March 16, 2010
We had begun extending a fence a small bit of way last Saturday. Monday evening we finished hanging the gate. Late evening but not late enough for sunset—not with the early Sunday morning time change to Daylight Savings Time. There was enough daylight left to begin another project, but instead we sat on an old cable reel and watched the baby kids run, jump, and buck. Easy enough to do, the fence was solid, posts dug in deep, wire stretched tightly, well built.
A job well done, it is too bad we don’t hear that enough any longer. Growing up, working for either my father or neighbor, whether building a fence or pouring concrete, when the job was done, you heard the words “job well done.” Sometimes one might hear how in hindsight, this of that might be done differently next time, but what was done is well. The words “job well done,” was at times quieter and more a look, and sometimes, thinking of a neighbor, it was verbose, embodied, arms flailing with a broad smile. For those rural and city folk I knew of my parents generation, much was to be said in doing a job well.
I think of neighbors who had little choice in the job they did for a living. It was the first job they attained; often coming out of one war or another, and it paid the bills. While they may have been better suited for another line of work had they choice, they knew the value of doing a job well and spent their life doing good work. They didn’t do good work for the boss, or for the money, but for the sake of doing a job well.
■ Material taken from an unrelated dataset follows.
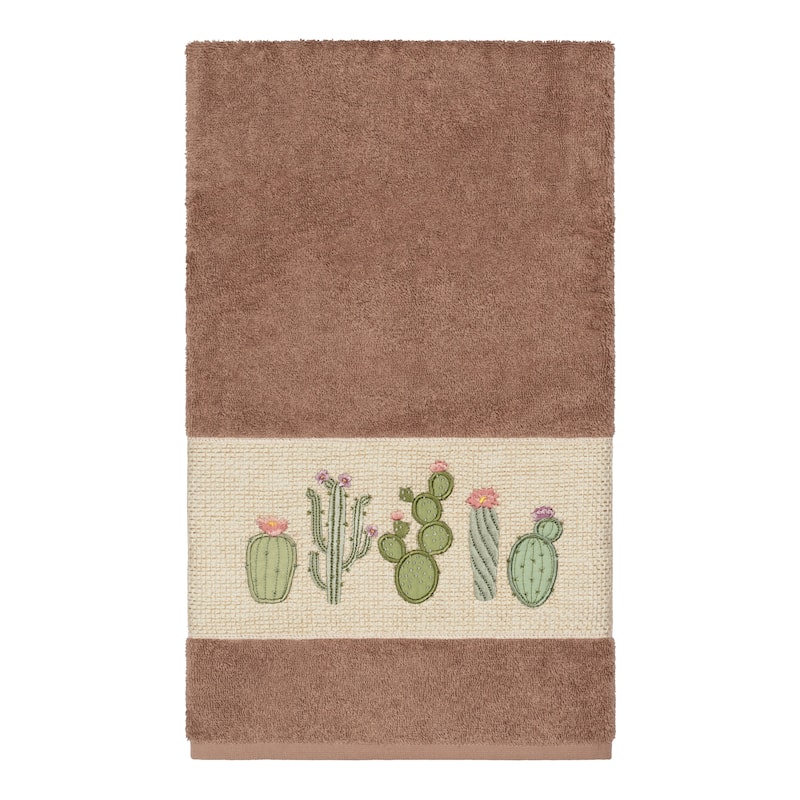 Authentic Hotel and Spa Turkish Cotton Cactus Embroidered Latte Brown 3-piece Towel Set
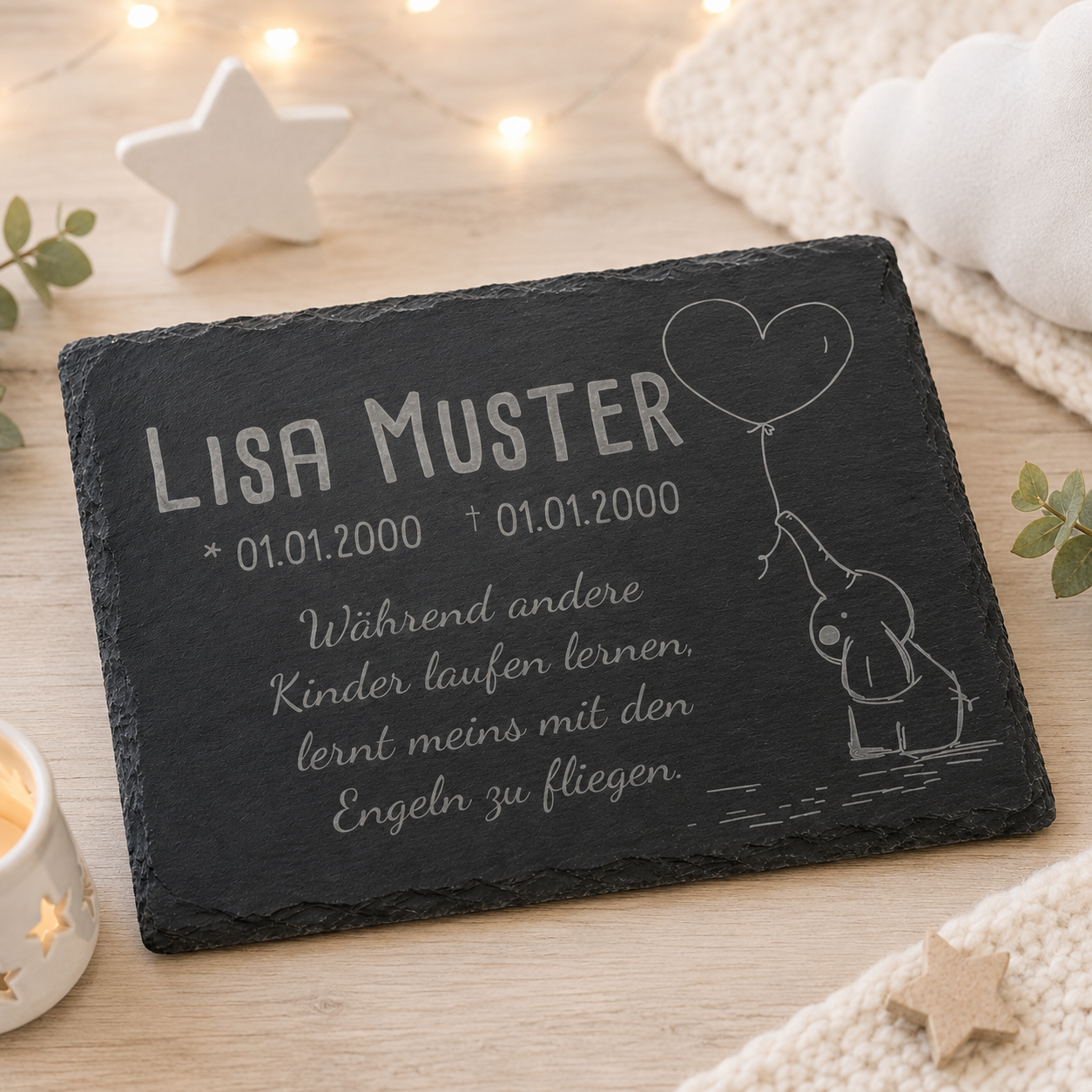 Gedenkstein für Sternenkinder personalisiert mit Namen aus Schiefer - Motiv „Luftballon“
There is much we can learn from elders—those who have walked this life before us. They were and are a people of steel, old growth, coal, dams, glass, and the way they think, the way they play, and the way the work tell a good story our children should hear. It isn’t a story our children should live; their life is different. Yet it is a story of good work, which allows future generations to finish a job, stand to the side, wait for the sun to set, and know a job well done.